Friday, March 6, 2015

Kneeling in the Mud

 Over 5,000 British priests and pastors served as army chaplains or padres during the First World War.  Their job was to provide spiritual guidance for the soldiers and to boost the morale of the men at the front.  The grim realities of the job included scenes they hardly could have imagined. 

Often stationed just behind the lines at first aid posts and casualty clearing stations, padres ministered to wounded and dying men.  In a war in which bodies were often torn apart or abandoned in No Man's Land, padres assisted in retrieving and identifying soldiers' remains and giving them burial.  They frequently had to deliver news of men's death to their comrades-in-arms, and theirs was the gut-wrenching duty of providing solace to men who had deserted and were to be shot by their fellow soldiers at dawn.  The BBC webpage "Why did chaplains end up on the front line in WW1?" tells more of their stories.   

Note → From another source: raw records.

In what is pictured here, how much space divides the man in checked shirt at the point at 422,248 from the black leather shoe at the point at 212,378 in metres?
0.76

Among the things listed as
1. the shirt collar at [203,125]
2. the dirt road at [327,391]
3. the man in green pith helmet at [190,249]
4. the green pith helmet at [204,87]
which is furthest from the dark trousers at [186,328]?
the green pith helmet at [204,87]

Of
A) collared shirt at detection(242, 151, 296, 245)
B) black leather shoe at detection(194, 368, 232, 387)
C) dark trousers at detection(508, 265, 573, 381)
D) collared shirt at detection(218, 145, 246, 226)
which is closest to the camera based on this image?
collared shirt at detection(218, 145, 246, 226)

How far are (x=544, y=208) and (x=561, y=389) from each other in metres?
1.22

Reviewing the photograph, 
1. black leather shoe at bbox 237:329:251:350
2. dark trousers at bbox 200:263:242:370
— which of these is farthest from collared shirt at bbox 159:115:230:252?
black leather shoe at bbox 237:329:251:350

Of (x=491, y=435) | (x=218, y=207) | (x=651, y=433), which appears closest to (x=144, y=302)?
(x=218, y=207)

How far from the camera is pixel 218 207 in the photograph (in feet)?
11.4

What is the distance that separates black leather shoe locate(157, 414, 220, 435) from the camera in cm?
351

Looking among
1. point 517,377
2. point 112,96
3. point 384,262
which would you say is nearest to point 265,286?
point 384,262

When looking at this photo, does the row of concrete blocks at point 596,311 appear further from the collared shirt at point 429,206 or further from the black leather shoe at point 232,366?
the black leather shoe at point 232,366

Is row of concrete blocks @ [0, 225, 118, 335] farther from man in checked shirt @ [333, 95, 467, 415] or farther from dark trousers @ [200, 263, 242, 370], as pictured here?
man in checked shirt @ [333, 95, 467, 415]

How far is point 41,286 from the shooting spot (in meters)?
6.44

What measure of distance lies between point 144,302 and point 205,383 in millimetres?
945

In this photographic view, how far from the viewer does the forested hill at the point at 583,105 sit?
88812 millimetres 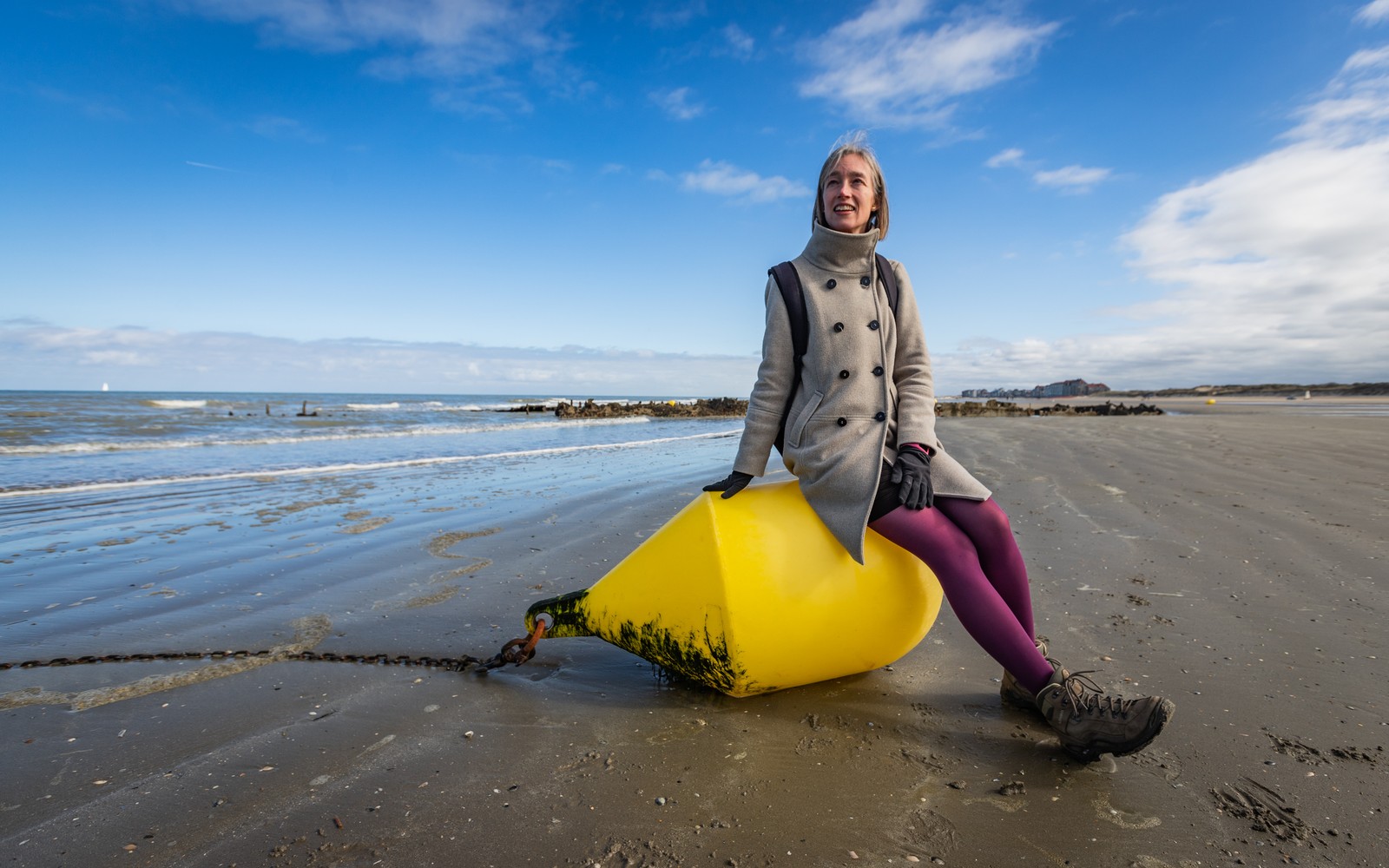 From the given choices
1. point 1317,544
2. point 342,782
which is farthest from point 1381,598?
point 342,782

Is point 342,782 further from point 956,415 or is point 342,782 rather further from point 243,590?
point 956,415

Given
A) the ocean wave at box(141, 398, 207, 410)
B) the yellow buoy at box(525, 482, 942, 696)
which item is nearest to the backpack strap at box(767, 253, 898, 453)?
the yellow buoy at box(525, 482, 942, 696)

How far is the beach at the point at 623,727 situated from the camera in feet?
6.40

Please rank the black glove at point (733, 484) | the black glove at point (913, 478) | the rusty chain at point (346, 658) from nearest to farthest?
the black glove at point (913, 478), the black glove at point (733, 484), the rusty chain at point (346, 658)

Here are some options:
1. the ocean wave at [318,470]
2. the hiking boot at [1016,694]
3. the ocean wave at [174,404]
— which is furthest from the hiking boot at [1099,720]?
the ocean wave at [174,404]

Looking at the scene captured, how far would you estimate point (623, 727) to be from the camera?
264 cm

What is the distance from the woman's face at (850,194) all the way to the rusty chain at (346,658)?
2.31 metres

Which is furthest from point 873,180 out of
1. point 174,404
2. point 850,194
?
point 174,404

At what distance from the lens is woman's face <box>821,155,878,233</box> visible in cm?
299

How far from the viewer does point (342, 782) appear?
224 cm

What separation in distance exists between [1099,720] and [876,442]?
1213 millimetres

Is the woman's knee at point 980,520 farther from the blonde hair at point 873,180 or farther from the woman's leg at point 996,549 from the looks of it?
the blonde hair at point 873,180

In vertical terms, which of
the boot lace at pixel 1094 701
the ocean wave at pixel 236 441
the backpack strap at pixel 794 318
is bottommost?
the ocean wave at pixel 236 441

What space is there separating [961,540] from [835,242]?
136 centimetres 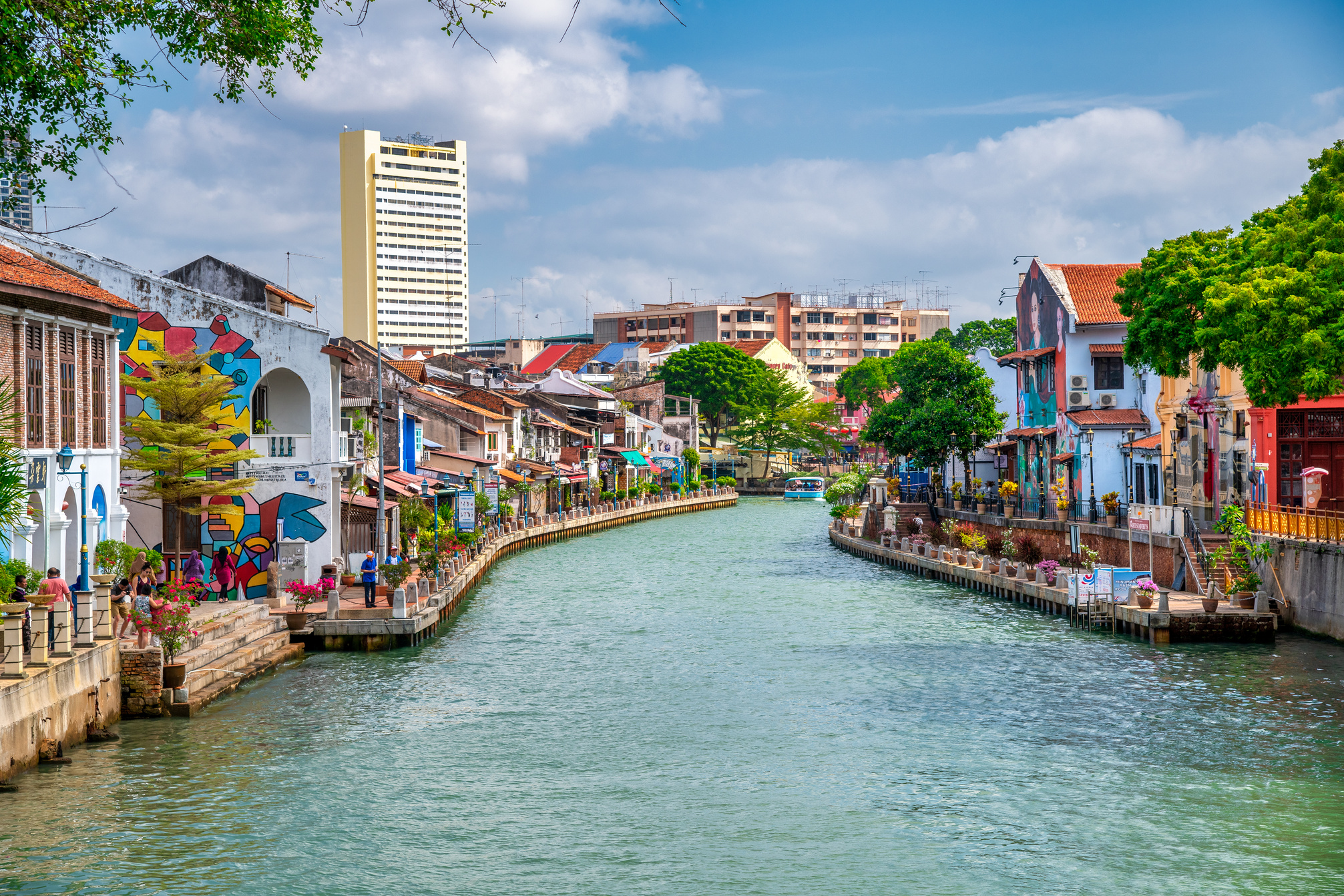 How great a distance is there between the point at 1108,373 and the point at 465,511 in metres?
26.2

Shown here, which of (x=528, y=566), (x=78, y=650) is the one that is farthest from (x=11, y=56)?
(x=528, y=566)

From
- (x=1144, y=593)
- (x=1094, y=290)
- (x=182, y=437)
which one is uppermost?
(x=1094, y=290)

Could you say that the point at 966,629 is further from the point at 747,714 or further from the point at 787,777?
the point at 787,777

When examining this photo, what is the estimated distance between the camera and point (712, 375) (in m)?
131

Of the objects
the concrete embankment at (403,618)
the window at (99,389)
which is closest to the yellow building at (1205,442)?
the concrete embankment at (403,618)

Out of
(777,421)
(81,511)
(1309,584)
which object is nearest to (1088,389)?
(1309,584)

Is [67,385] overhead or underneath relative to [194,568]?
overhead

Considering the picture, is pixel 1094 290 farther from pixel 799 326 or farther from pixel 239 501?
pixel 799 326

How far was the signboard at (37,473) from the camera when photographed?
91.0 feet

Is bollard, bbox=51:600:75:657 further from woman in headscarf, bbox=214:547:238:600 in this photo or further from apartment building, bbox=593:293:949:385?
apartment building, bbox=593:293:949:385

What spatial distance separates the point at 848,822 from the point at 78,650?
13294 mm

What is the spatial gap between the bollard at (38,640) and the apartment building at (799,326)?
478 ft

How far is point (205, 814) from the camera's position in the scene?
20781 millimetres

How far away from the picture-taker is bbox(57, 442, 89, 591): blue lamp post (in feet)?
85.3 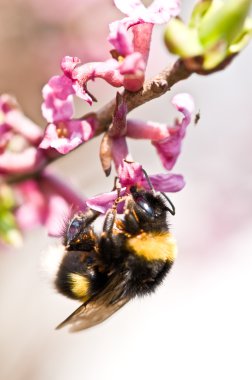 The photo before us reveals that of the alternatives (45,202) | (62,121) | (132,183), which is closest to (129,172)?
(132,183)

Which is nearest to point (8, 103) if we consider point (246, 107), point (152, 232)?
point (152, 232)

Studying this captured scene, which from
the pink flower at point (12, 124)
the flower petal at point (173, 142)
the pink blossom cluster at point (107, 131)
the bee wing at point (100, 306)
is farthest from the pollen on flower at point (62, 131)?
the bee wing at point (100, 306)

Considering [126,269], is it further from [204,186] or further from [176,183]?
[204,186]

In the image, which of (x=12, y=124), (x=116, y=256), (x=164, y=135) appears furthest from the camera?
(x=12, y=124)

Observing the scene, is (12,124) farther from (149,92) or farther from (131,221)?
(149,92)

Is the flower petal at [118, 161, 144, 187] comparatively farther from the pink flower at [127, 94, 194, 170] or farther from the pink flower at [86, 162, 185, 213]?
the pink flower at [127, 94, 194, 170]

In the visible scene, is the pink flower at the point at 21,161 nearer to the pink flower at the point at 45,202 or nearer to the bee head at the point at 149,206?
the pink flower at the point at 45,202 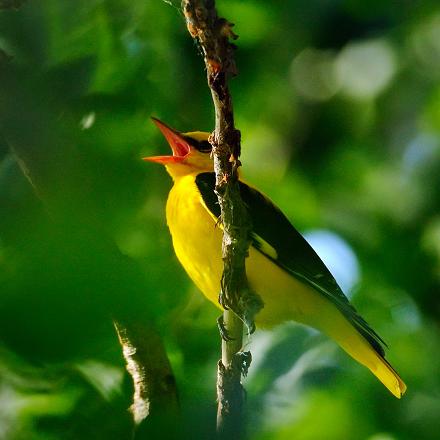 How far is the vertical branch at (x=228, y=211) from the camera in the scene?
1.53 meters

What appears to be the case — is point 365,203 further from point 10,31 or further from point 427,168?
point 10,31

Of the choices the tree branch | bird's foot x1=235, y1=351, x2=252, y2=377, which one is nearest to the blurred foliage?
the tree branch

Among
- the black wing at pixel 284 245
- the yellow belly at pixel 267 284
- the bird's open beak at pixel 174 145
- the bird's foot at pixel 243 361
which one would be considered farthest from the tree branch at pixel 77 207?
the black wing at pixel 284 245

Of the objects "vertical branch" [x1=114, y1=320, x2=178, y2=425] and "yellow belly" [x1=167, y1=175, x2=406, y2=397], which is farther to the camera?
"yellow belly" [x1=167, y1=175, x2=406, y2=397]

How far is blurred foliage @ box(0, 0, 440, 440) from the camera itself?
4.04 ft

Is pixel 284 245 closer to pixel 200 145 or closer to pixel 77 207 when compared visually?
pixel 200 145

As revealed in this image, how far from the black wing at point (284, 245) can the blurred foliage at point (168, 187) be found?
0.65 ft

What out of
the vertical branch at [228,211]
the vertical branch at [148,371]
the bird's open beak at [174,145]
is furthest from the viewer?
the bird's open beak at [174,145]

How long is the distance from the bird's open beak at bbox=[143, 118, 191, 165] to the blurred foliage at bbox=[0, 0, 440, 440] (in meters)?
0.06

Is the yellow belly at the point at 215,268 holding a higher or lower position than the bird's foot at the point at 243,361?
higher

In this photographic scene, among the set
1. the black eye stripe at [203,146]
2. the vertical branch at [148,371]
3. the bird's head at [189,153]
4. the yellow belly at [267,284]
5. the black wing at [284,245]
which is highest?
the black eye stripe at [203,146]

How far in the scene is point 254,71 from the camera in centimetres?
455

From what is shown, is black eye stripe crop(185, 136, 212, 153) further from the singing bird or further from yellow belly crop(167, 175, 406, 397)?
yellow belly crop(167, 175, 406, 397)

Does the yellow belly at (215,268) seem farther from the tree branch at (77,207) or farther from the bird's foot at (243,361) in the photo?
the tree branch at (77,207) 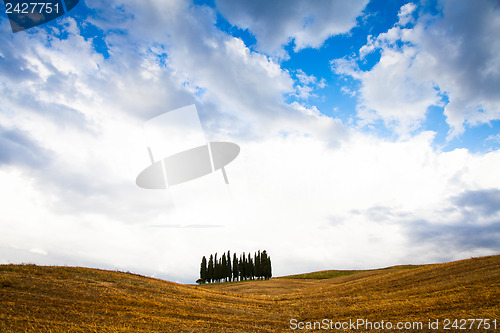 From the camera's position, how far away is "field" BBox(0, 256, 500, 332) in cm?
1580

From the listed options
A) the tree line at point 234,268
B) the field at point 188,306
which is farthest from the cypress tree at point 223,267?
the field at point 188,306

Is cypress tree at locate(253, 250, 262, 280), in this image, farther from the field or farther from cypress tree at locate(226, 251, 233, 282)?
the field

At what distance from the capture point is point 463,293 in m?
20.1

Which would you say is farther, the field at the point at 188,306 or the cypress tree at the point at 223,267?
the cypress tree at the point at 223,267

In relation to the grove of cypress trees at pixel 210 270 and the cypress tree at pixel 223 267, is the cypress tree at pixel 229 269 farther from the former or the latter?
the grove of cypress trees at pixel 210 270

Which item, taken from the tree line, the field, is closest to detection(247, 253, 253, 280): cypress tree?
the tree line

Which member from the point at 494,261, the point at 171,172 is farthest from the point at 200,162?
the point at 494,261

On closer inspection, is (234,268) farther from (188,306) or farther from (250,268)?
(188,306)

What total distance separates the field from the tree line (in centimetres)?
5505

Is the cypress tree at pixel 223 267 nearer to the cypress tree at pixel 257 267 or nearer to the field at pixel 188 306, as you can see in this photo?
the cypress tree at pixel 257 267

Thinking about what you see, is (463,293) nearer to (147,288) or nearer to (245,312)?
(245,312)

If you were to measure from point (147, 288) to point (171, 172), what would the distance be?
1249 centimetres

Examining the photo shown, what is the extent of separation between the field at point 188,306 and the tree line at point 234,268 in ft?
181

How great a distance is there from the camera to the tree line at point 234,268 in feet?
268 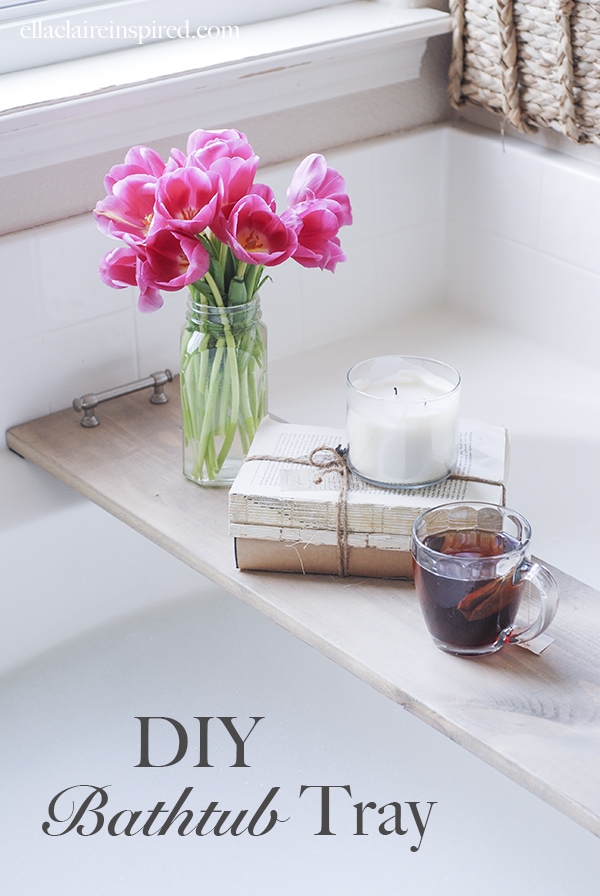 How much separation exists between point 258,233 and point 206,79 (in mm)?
332

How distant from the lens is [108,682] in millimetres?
1192

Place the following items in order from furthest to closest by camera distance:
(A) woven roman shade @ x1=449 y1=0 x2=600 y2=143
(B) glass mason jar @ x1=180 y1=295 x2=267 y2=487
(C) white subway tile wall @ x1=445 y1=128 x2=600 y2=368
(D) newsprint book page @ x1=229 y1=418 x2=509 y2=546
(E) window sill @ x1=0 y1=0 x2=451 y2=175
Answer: (C) white subway tile wall @ x1=445 y1=128 x2=600 y2=368
(A) woven roman shade @ x1=449 y1=0 x2=600 y2=143
(E) window sill @ x1=0 y1=0 x2=451 y2=175
(B) glass mason jar @ x1=180 y1=295 x2=267 y2=487
(D) newsprint book page @ x1=229 y1=418 x2=509 y2=546

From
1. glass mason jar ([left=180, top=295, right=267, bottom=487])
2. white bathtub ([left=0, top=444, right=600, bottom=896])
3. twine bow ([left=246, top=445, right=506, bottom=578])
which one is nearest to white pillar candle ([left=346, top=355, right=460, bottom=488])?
twine bow ([left=246, top=445, right=506, bottom=578])

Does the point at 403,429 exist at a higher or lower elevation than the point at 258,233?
lower

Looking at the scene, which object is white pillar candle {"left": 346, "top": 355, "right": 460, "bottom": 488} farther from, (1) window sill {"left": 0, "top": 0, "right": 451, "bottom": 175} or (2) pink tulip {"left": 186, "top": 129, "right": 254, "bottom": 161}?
(1) window sill {"left": 0, "top": 0, "right": 451, "bottom": 175}

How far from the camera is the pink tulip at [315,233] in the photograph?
0.95m

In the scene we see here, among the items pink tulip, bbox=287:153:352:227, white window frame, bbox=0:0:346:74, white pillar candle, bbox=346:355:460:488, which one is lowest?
white pillar candle, bbox=346:355:460:488

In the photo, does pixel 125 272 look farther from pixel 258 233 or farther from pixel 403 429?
pixel 403 429

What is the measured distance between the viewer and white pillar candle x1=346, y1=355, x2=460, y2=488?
0.91 metres

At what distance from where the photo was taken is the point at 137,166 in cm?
97

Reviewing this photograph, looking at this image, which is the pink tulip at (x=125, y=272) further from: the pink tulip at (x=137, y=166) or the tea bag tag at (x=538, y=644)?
the tea bag tag at (x=538, y=644)

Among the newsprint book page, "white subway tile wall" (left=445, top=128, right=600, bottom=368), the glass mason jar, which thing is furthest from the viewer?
"white subway tile wall" (left=445, top=128, right=600, bottom=368)

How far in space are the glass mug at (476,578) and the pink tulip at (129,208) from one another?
0.35 m

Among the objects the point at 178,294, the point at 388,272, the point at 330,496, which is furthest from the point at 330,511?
the point at 388,272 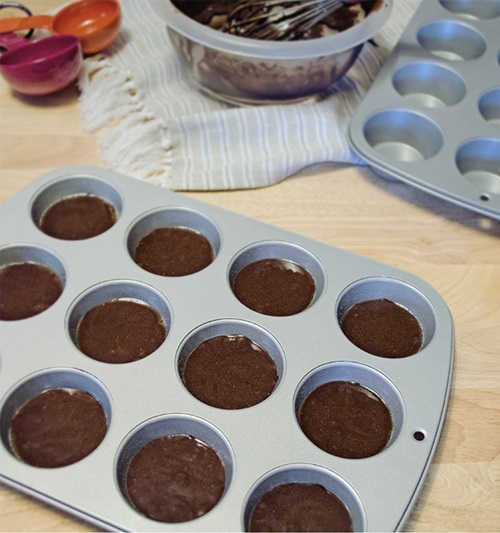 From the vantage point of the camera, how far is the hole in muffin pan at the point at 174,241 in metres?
1.04

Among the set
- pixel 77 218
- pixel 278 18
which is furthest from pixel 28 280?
pixel 278 18

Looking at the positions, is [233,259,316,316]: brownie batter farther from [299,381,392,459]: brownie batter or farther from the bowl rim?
the bowl rim

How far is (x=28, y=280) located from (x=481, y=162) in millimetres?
807

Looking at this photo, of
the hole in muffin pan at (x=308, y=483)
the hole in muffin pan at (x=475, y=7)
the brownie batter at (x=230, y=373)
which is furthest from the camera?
the hole in muffin pan at (x=475, y=7)

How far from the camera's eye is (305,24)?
1236mm

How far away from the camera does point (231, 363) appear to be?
36.2 inches

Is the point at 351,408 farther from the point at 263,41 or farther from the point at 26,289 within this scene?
the point at 263,41

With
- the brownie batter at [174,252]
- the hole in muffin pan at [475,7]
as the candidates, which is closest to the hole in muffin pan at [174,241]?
the brownie batter at [174,252]

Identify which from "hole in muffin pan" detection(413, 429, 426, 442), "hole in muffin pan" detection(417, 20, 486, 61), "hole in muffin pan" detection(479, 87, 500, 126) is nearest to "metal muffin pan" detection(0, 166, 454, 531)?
"hole in muffin pan" detection(413, 429, 426, 442)

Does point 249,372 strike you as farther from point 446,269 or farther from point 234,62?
point 234,62

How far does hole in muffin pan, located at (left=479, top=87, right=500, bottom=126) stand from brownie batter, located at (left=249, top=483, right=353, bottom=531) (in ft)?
2.63

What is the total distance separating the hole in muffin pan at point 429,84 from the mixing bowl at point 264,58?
0.17m

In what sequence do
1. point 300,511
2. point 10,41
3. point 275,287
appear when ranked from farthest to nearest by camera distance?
point 10,41 < point 275,287 < point 300,511

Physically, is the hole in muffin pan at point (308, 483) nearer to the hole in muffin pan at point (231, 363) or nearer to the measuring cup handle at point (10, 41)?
the hole in muffin pan at point (231, 363) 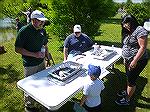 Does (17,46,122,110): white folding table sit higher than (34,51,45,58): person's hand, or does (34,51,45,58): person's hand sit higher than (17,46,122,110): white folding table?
(34,51,45,58): person's hand

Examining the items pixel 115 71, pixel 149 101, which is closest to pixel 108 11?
pixel 115 71

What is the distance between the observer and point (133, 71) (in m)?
5.47

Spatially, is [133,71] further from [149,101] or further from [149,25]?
[149,25]

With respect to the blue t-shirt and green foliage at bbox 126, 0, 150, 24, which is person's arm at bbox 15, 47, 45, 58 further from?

Geoffrey Studdert Kennedy was not only a padre, but a poet.  His poem "Lighten our Darkness," shares the struggles of a man wrestling with his faith and his God in the midst of war. 

Lighten our Darkness 

Lighten our darkness, Lord, in bygone years,
Oft have I prayed and thought on childish fears,
Glad in my heart that, when the day was dead,
God's four white angels watched about my bed.

Lighten our darkness! Kneeling in the mud,
My hands still wet and warm with human blood,
Oft have I prayed it! Perils of this night!
Sorrow of soldiers! Mercy, give us light.

Lighten our darkness! Black upon the mind
Questions and doubts, so many paths that wind,
Worlds of blind sorrow crying out for sight.
Peace, where is Peace? Lord Jesus, give us light.

Lighten our darkness! Stumbling to the end,
Millions of mortals feeling for a friend,
Shall not the judge of all the earth do right?
Flame through the darkness, Lord, and give us Light.

    --Geoffrey Studdert Kennedy

The poem begins with a memory:  in "bygone years," when he was safe at home and in his bed, a man remembers praying for God's light in response to his "childish fears."  The second stanza repeats the prayer, but this time an exclamation point marks the desperate urgency and need in his very different current circumstances:  "Lighten our darkness!"  Three more exclamation points in the stanza communicate the mental anguish that prompts his call to God. 

He kneels in prayer, not at his own comfortable bedside, but rather in mud on a battlefield, his hands "still wet and warm with human blood."  In the muck and gore of the Western Front, in the darkness and dangers of the night, he calls out to God, simply naming him "Mercy." 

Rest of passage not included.